- **Supplied material**:
++++++

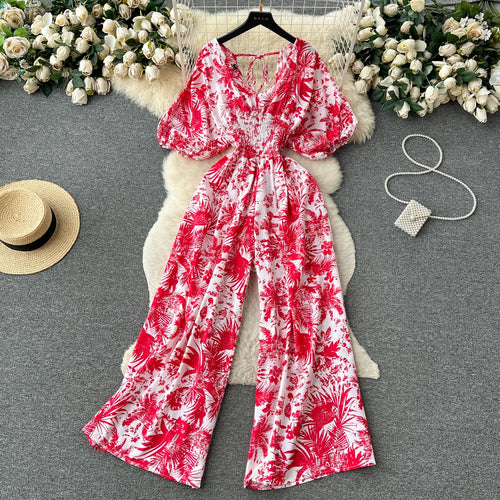 Combinaison en mousseline de soie fleurie style vacances en bord de mer pour femme avec taille haute, coupe slim et décontractée, jambe large flu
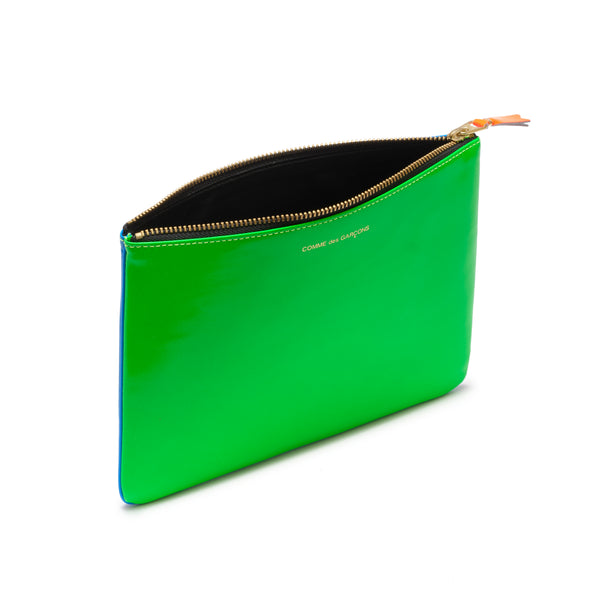 CDG WALLET - Super Fluo Pouch Large - (Green/Blue)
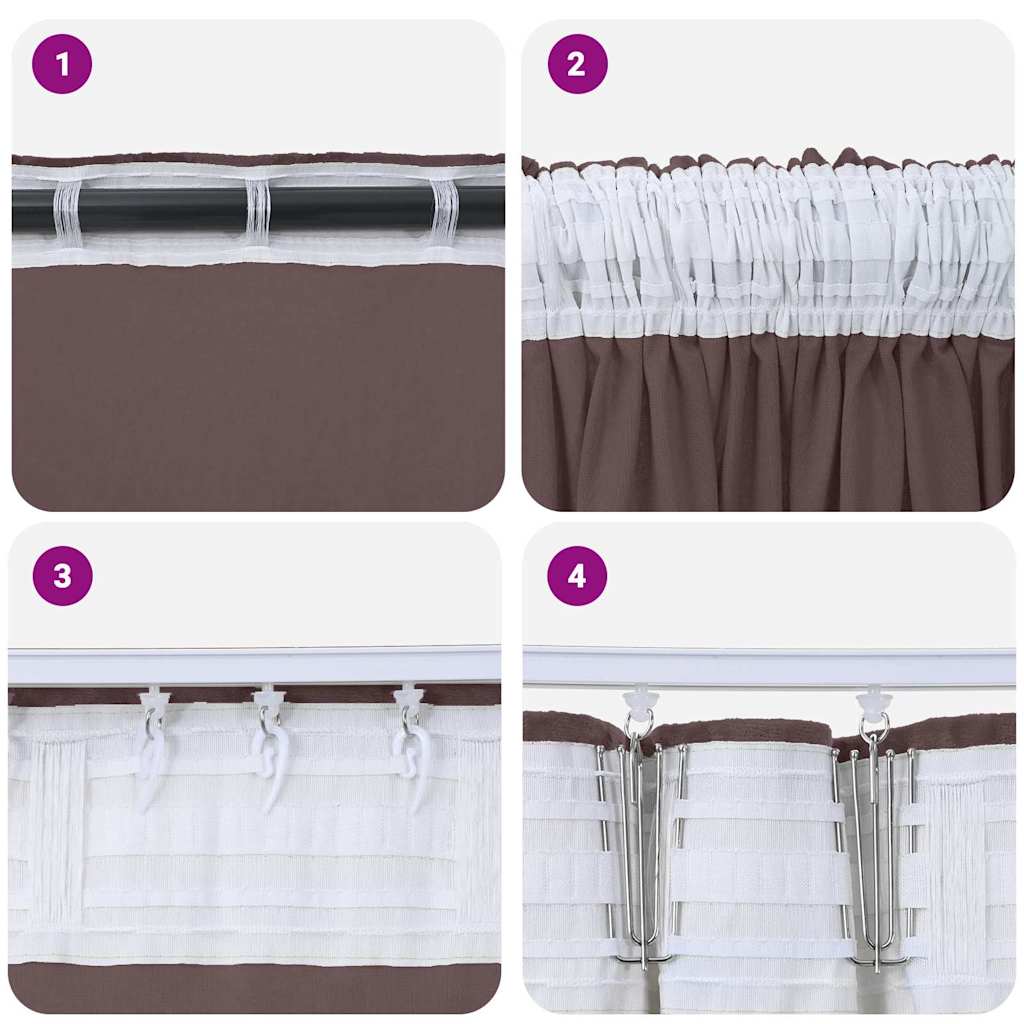 Velvet Gordijnen met gordijnen 2 pcs Bruin 260 x 140 cm Fluweel is nu te koop bij PeponiXL, paradijselijk wonen!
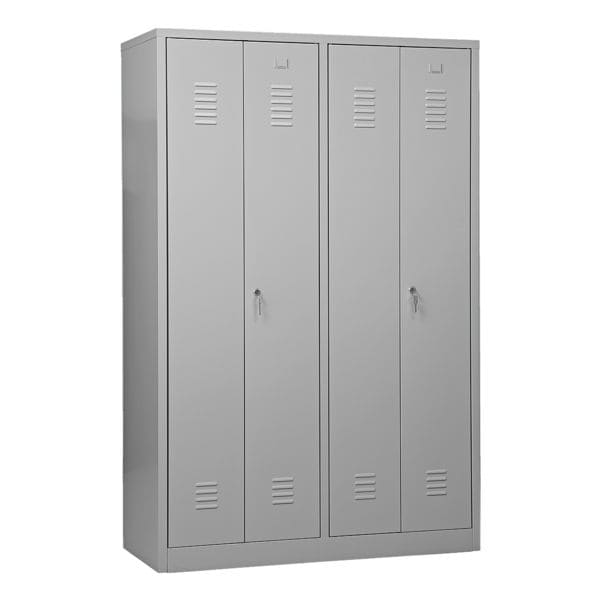 Gürkan Garderobenschrank 117 x 180 cm Zylinderschloss grau, 117x180x50 cm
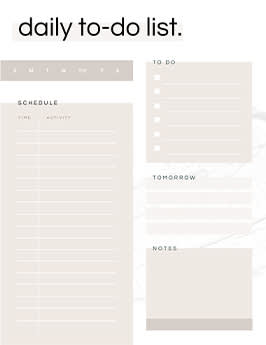 Daily To-Do List template with categories for schedule, to-do list, tomorrow's list, and notes.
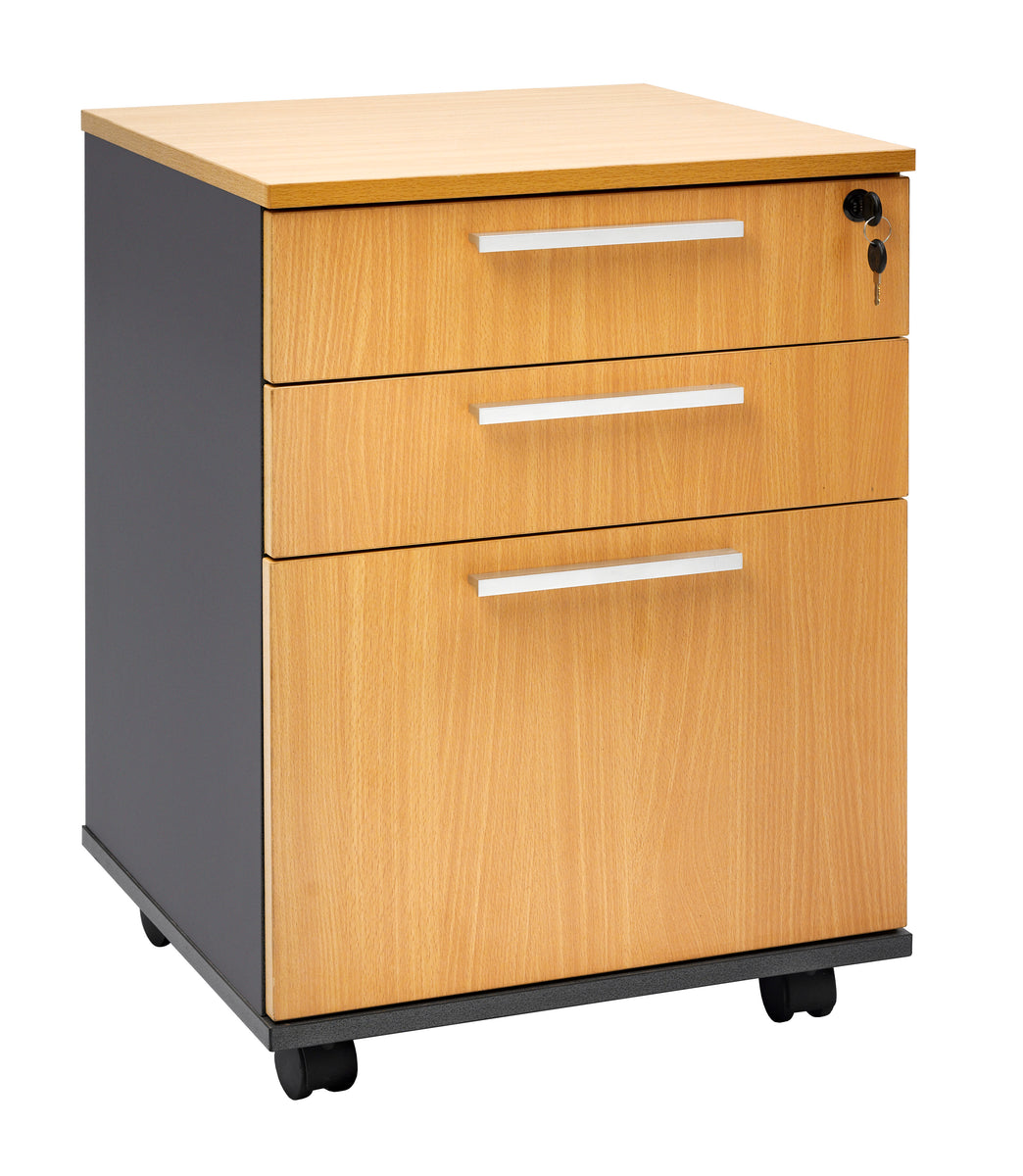 PULSE OFFICE MOBILE WITH 2 PEN DRAWER & 1 FILE DRAWER - IRONSTONE FRAME BEECH TOP & FRONT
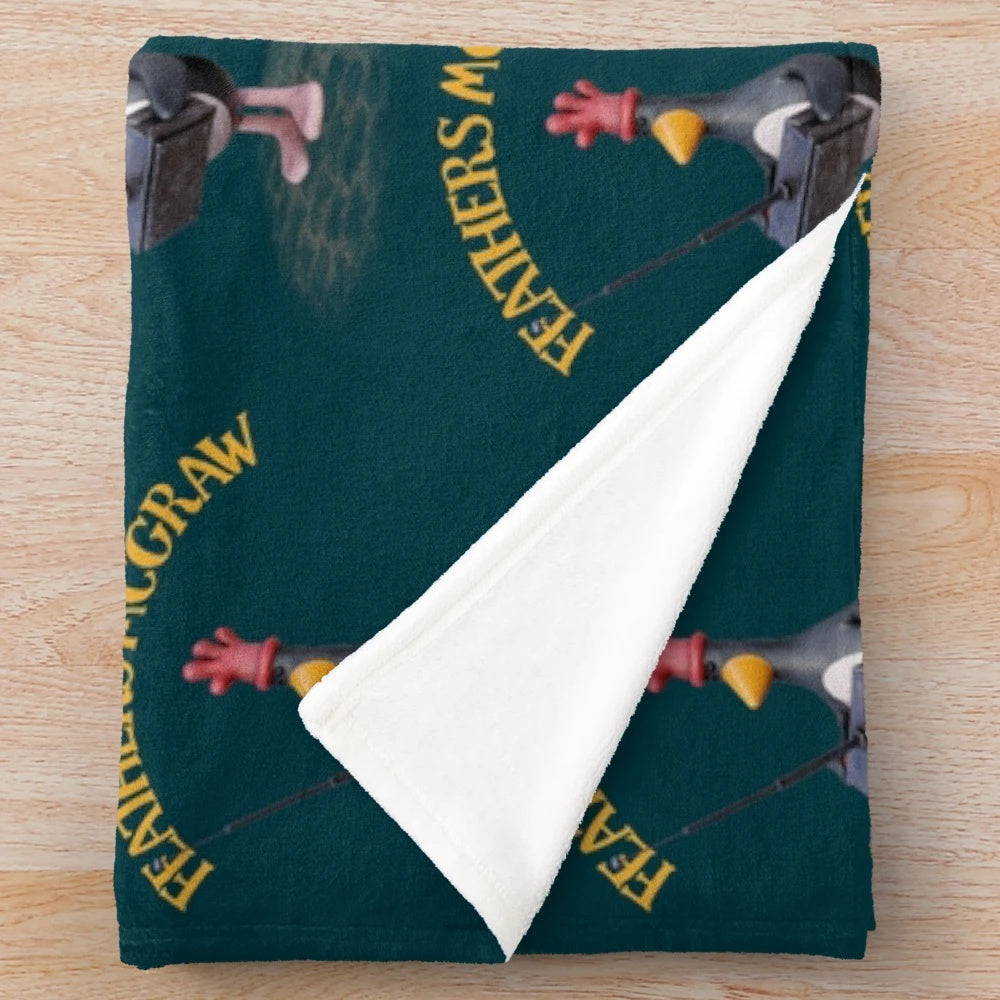 Plush blanket featuring Feathers McGraw, the iconic character from the Wallace & Gromit animated movies
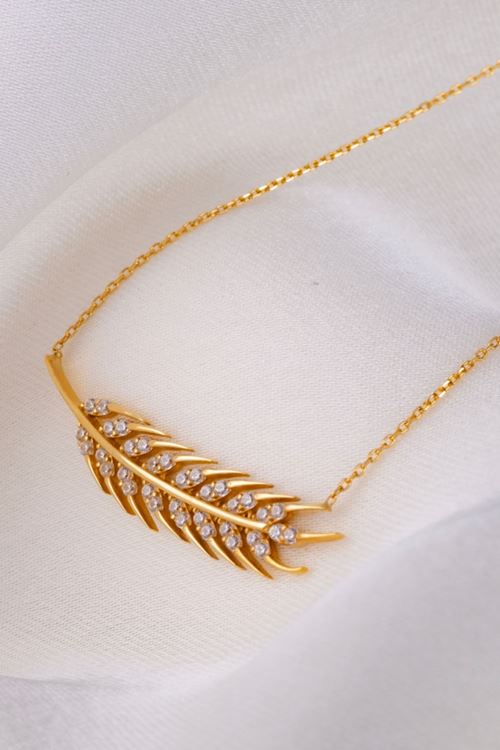 14 Ayar Altın Başak Model Taşlı Kolye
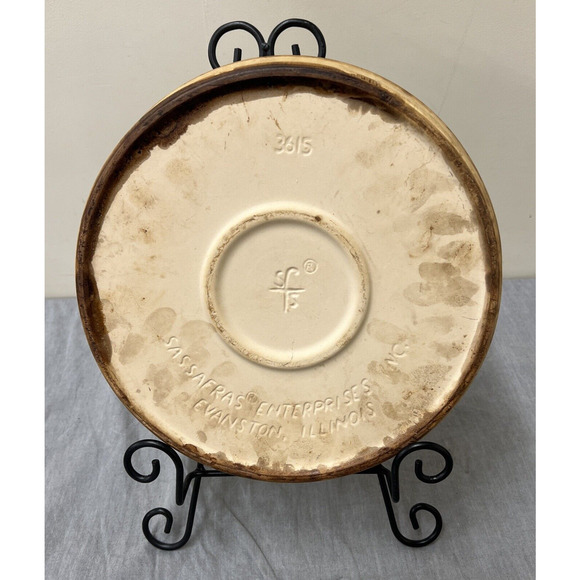 Pampered Chef VTG SASSAFRAS Enterprise Stoneware 11" Round Deep Dish Baker Pizza - Picture 2 of 8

++++++

- **Goal of the exercise**: Copy the records exactly. Skip any pictures.

- **Response area**:
 Combinaison en mousseline de soie fleurie style vacances en bord de mer pour femme avec taille haute, coupe slim et décontractée, jambe large flu
 CDG WALLET - Super Fluo Pouch Large - (Green/Blue)
 Velvet Gordijnen met gordijnen 2 pcs Bruin 260 x 140 cm Fluweel is nu te koop bij PeponiXL, paradijselijk wonen!
 Gürkan Garderobenschrank 117 x 180 cm Zylinderschloss grau, 117x180x50 cm
 Daily To-Do List template with categories for schedule, to-do list, tomorrow's list, and notes.
 PULSE OFFICE MOBILE WITH 2 PEN DRAWER & 1 FILE DRAWER - IRONSTONE FRAME BEECH TOP & FRONT
 Plush blanket featuring Feathers McGraw, the iconic character from the Wallace & Gromit animated movies
 14 Ayar Altın Başak Model Taşlı Kolye
 Pampered Chef VTG SASSAFRAS Enterprise Stoneware 11" Round Deep Dish Baker Pizza - Picture 2 of 8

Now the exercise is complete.